The corrections department, Edlund adds, has "little or no
problems with the inmates that are in this program," who must
have a GED and a spotless disciplinary record to even be considered
for an interview. OTHERS SUSPECT that DOC's motives are more pecuniary
than pure-hearted, noting that by shaving nearly 50 percent off
the top of an inmate's paycheck, the department slashes its own
expenses while subsidizing the companies in the program, which aren't
required to pay for inmates' health insurance or retirement. "They
figure that if somebody's sitting around, doing their time and doing
nothing, they don't make any money off them," Strauss says.
"They would much rather have you working, especially in a
minimum-wage job." Richard Stephens, a Bellevue property-rights
attorney, is suing DOC on the grounds that the program is unconstitutional,
allows businesses that use prison labor to undercut their competitors'
prices, and unfairly subsidizes some private businesses at the expense
of others. His case heads to the state Supreme Court on Jan. 31.
Stephens says the company his clients are targeting, a water-jet
cutting operation called MicroJet, paid minimum wage (at the time,
$5.75 an hour) and offered no benefits for jobs that pay between
$14 and $20 an hour outside prison walls. Of his seven clients,
all MicroJet competitors, "two have gone out of business and
others are about to, because the one company that gets to operate
within the prison system can seriously undercut their prices,"
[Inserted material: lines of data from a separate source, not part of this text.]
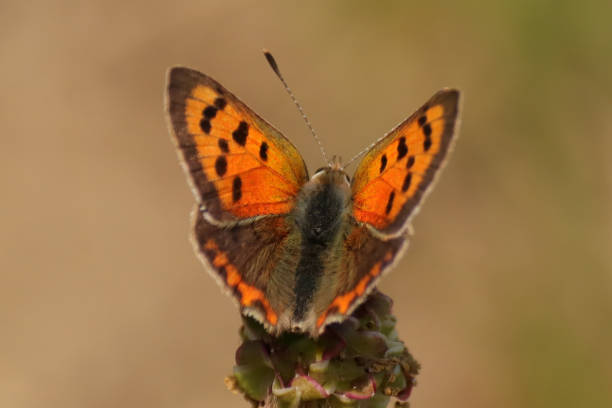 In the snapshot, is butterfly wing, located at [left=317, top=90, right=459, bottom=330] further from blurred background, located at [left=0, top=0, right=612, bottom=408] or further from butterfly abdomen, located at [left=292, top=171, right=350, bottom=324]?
blurred background, located at [left=0, top=0, right=612, bottom=408]

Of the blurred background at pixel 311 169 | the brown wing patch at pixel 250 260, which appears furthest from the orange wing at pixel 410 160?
the blurred background at pixel 311 169

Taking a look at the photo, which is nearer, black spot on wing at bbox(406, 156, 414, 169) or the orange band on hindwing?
the orange band on hindwing

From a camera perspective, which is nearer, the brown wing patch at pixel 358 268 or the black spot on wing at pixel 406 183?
the brown wing patch at pixel 358 268

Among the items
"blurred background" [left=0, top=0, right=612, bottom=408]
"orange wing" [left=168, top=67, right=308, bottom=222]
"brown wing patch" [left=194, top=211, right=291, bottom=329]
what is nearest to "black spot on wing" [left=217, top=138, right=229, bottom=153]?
"orange wing" [left=168, top=67, right=308, bottom=222]

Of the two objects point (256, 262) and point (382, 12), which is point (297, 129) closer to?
point (382, 12)

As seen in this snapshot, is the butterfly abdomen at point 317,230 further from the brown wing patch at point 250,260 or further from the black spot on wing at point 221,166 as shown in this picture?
the black spot on wing at point 221,166

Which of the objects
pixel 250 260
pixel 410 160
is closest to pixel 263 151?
pixel 250 260

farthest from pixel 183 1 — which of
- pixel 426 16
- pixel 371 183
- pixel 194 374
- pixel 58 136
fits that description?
pixel 371 183

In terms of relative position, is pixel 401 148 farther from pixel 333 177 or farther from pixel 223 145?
pixel 223 145

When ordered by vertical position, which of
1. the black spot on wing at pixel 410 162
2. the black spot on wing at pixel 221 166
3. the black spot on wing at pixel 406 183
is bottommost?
the black spot on wing at pixel 406 183

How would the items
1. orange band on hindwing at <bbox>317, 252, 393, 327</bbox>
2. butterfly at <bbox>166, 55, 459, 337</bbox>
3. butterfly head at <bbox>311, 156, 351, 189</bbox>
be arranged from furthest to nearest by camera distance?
butterfly head at <bbox>311, 156, 351, 189</bbox> → butterfly at <bbox>166, 55, 459, 337</bbox> → orange band on hindwing at <bbox>317, 252, 393, 327</bbox> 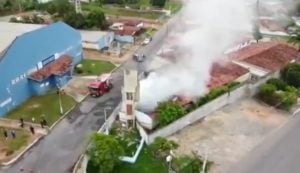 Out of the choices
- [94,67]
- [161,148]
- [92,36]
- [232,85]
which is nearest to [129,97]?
[161,148]

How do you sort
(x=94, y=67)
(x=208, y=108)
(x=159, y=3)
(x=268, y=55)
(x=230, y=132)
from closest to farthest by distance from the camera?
(x=230, y=132) → (x=208, y=108) → (x=94, y=67) → (x=268, y=55) → (x=159, y=3)

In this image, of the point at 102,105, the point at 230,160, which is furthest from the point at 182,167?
the point at 102,105

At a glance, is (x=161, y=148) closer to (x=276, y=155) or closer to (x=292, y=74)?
(x=276, y=155)

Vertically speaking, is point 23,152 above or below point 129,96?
below

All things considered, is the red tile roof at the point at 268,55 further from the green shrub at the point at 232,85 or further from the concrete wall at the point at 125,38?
the concrete wall at the point at 125,38

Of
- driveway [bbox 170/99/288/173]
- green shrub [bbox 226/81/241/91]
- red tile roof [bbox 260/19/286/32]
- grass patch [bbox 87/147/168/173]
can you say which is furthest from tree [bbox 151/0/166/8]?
grass patch [bbox 87/147/168/173]

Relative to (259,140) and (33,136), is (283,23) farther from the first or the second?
(33,136)

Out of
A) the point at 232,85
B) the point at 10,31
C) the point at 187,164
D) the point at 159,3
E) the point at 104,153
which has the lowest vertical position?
the point at 187,164

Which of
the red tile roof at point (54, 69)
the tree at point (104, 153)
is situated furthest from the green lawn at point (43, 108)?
the tree at point (104, 153)
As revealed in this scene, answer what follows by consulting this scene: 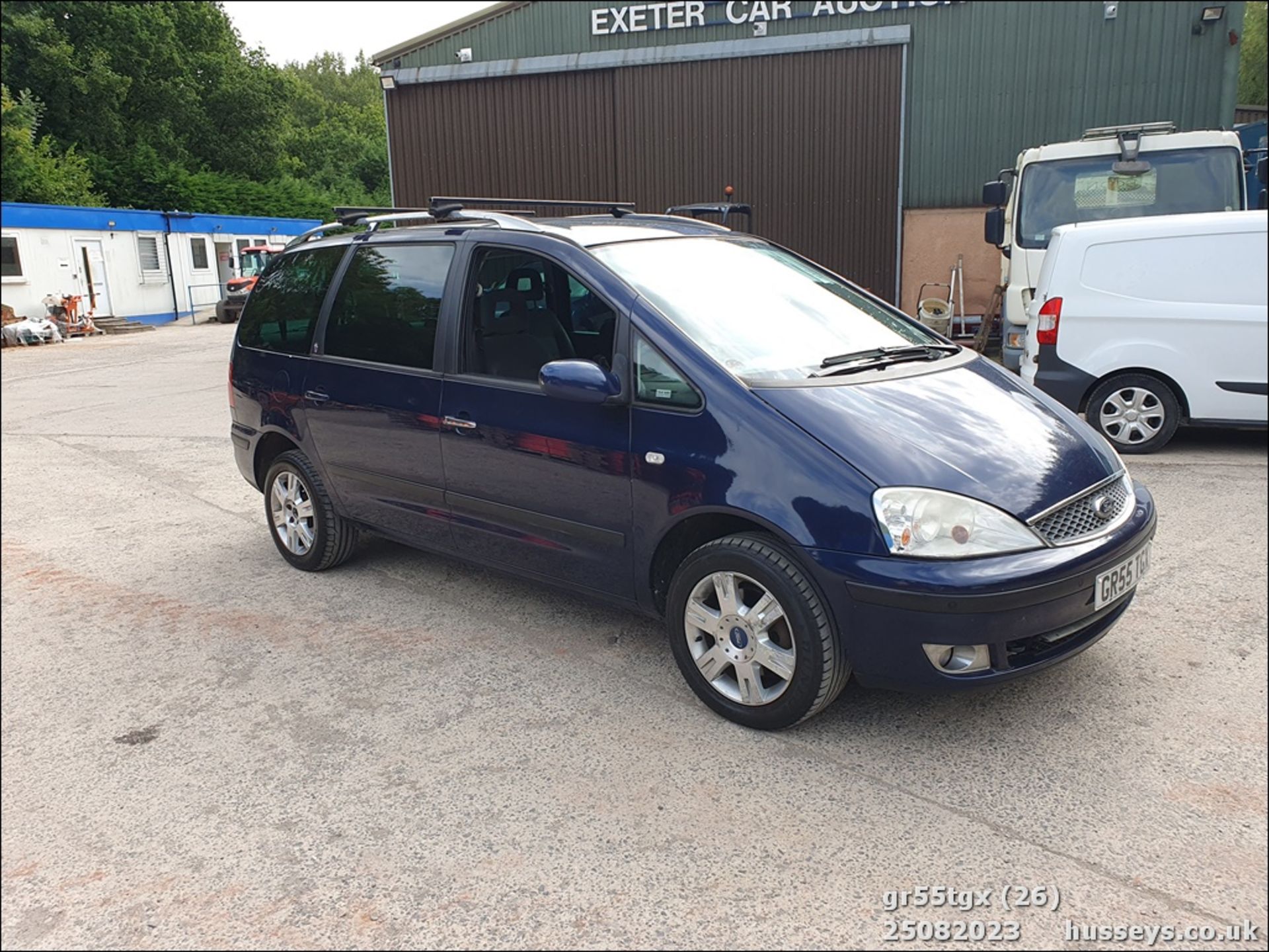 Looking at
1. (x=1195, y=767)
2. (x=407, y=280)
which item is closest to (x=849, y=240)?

Stephens says. Edlund denies that his company undercuts its competitors,
noting that federal law requires companies to pay the "prevailing
wage" for positions within the prison system. "You don't
get the labor for free," he says.
Signature also offers paid "vacation" and holidays, when
inmates can have visitors, make doctors' appointments, and visit
with their lawyers on company time. But Paul Wright, a prisoner
and the editor of Prison Legal News, a newsletter focusing on prison-related
legal issues, likens the program to border maquiladoras, where Mexican
workers, often child laborers, make clothing, sporting goods, and
other products for subminimum wages. Companies, like some advocates
of prison labor, justify the practice by pointing out that the workers
are making more than they could have in their impoverished rural
villages, even if the pay is minimal by U.S. standards. "You
could make $55 a month doing janitorial work, or you could make
$150 a month working for an outside business," Wright says.
Private businesses are "paying prison workers less than they're
paying on the outside, but they aren't reducing the markup to the
consumer"they're pocketing the profits. Another key difference,
Wright notes, is that prisoners can just be sent back to their cells
whenever business goes through a lull; "on the outside, they
have to lay off workers. It's much more difficult," Wright
says.
Strauss says employment at Twin Rivers was cyclical and sporadic.
"When the economy started to go down a little bit, there was
no guarantee that they would work you," Strauss says. "They'd
work these guys really hard for the holiday season packaging coffee,
and then some people wouldn't work for eight months straight."
Carlson and Edlund deny this, noting that Signature has a contract
for a minimum of 80 prison workers at a time, but Carlson acknowledges
that "during the holiday season, there's even more employment."
Attorney Stephens believes the system is a PR nightmare in the making.
"A majority of people don't even realize that these products
are being manufactured by prisoners," Stephens says. "They
need to know that they are buying these products from a company
that is basically getting rich off prisoners." Wright, sent
to Twin Rivers for first-degree murder in 1987, believes parents
would be disturbed to know that their child's GameCube was packaged
by a murderer, rapist, or pedophile. "These companies spend
a lot of money on their public image," Wright says, "but
then they're quick to make money any way they can."